* [Information provided]:
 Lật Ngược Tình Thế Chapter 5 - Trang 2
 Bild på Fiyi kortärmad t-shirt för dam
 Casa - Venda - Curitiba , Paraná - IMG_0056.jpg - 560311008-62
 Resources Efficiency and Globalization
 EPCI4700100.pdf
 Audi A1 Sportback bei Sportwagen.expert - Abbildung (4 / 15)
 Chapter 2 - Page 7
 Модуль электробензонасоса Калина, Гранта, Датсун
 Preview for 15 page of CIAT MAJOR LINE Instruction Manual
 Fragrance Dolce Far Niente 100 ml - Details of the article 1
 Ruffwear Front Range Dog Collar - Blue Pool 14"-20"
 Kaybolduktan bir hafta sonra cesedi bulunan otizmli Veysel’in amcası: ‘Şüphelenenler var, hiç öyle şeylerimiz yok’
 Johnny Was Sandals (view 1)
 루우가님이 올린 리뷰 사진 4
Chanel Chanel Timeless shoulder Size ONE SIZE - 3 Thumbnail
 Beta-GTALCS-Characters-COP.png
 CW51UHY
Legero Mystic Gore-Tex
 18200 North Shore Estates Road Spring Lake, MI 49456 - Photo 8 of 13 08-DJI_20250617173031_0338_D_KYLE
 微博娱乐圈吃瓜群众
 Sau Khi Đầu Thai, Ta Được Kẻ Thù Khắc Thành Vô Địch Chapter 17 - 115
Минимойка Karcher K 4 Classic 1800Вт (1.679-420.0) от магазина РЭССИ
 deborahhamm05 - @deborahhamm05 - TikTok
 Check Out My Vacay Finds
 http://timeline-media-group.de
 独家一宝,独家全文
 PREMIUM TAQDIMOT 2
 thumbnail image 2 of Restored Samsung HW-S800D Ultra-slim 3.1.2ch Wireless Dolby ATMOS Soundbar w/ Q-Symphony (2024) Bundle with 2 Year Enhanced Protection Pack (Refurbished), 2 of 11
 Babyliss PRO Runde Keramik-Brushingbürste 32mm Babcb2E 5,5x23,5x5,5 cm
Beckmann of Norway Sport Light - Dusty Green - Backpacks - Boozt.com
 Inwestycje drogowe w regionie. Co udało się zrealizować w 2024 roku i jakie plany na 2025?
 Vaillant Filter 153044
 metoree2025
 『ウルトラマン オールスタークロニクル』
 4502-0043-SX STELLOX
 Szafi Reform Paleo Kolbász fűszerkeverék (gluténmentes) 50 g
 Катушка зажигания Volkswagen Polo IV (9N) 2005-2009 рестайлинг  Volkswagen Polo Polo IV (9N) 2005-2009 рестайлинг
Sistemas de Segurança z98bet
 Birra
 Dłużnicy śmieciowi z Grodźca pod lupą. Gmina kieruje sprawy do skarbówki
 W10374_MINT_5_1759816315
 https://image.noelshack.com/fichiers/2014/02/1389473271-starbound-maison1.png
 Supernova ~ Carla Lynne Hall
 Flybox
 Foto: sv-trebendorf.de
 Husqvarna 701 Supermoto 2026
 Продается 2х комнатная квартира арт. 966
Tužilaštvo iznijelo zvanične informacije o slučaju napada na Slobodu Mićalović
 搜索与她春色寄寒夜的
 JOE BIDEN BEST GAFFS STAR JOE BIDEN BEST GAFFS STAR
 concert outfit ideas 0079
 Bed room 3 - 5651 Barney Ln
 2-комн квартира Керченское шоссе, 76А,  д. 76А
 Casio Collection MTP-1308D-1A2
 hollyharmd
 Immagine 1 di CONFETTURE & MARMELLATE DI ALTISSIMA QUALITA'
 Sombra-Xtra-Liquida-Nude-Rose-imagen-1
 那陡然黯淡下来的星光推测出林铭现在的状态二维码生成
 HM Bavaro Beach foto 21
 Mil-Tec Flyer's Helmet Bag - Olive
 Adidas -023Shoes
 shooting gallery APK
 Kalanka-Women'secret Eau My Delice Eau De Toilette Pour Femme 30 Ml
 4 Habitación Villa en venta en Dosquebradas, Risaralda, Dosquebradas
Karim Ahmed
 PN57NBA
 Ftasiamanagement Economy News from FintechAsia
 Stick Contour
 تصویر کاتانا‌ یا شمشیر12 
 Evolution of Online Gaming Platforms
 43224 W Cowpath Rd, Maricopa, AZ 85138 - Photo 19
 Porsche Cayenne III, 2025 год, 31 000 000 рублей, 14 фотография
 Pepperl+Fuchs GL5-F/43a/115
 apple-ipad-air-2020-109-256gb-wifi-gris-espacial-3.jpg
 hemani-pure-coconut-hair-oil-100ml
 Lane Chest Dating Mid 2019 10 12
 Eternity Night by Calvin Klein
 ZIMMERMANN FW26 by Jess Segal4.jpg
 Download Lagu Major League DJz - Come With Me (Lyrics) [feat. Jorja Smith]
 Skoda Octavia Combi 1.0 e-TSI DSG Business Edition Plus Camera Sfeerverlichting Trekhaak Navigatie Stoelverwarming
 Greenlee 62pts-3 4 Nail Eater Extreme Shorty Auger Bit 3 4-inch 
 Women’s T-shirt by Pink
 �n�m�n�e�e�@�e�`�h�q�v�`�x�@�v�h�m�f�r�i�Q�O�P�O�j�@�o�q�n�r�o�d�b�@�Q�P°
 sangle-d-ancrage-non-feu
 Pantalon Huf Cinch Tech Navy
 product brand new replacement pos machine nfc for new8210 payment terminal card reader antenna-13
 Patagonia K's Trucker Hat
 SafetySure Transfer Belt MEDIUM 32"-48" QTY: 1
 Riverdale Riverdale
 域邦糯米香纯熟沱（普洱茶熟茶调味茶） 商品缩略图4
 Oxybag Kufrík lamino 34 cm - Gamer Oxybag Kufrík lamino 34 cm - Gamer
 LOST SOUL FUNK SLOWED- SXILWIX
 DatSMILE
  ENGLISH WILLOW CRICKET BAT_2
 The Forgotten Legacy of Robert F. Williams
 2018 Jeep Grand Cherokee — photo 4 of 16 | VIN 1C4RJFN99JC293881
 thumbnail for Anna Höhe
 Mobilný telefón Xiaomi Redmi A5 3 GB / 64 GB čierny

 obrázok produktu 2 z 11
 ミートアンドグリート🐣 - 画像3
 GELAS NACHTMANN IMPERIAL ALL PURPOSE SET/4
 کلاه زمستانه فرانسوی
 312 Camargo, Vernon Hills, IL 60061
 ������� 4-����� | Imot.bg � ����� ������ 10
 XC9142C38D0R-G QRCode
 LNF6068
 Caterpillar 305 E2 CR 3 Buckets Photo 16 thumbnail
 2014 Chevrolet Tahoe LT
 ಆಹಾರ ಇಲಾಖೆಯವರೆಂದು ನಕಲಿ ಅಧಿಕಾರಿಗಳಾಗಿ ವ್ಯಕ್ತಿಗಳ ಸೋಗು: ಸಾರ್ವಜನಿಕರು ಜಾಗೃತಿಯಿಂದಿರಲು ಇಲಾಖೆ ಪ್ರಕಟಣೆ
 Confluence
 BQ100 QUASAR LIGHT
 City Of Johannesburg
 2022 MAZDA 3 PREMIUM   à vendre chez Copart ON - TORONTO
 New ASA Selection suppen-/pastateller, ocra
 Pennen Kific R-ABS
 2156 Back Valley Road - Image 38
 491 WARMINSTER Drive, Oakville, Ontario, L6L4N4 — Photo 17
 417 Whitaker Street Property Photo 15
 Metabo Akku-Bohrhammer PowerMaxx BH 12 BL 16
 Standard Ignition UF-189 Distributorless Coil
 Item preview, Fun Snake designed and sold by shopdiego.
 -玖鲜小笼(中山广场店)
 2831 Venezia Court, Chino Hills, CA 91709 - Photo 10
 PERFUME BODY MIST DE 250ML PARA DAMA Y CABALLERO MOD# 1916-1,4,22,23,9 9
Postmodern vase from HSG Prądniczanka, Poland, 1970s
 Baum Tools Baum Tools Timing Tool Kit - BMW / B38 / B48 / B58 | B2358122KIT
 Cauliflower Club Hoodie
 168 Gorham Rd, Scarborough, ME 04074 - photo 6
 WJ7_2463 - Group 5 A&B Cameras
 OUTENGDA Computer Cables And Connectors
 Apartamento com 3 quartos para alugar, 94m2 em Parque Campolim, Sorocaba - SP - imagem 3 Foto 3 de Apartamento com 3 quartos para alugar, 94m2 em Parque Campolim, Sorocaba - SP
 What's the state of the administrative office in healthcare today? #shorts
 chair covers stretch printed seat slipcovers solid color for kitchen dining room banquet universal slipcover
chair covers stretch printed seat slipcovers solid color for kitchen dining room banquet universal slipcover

* [Exercise brief]: In the listing above, how many lines include the string "slipcover"? Reply with the number alone.

* [Response to the task]: 2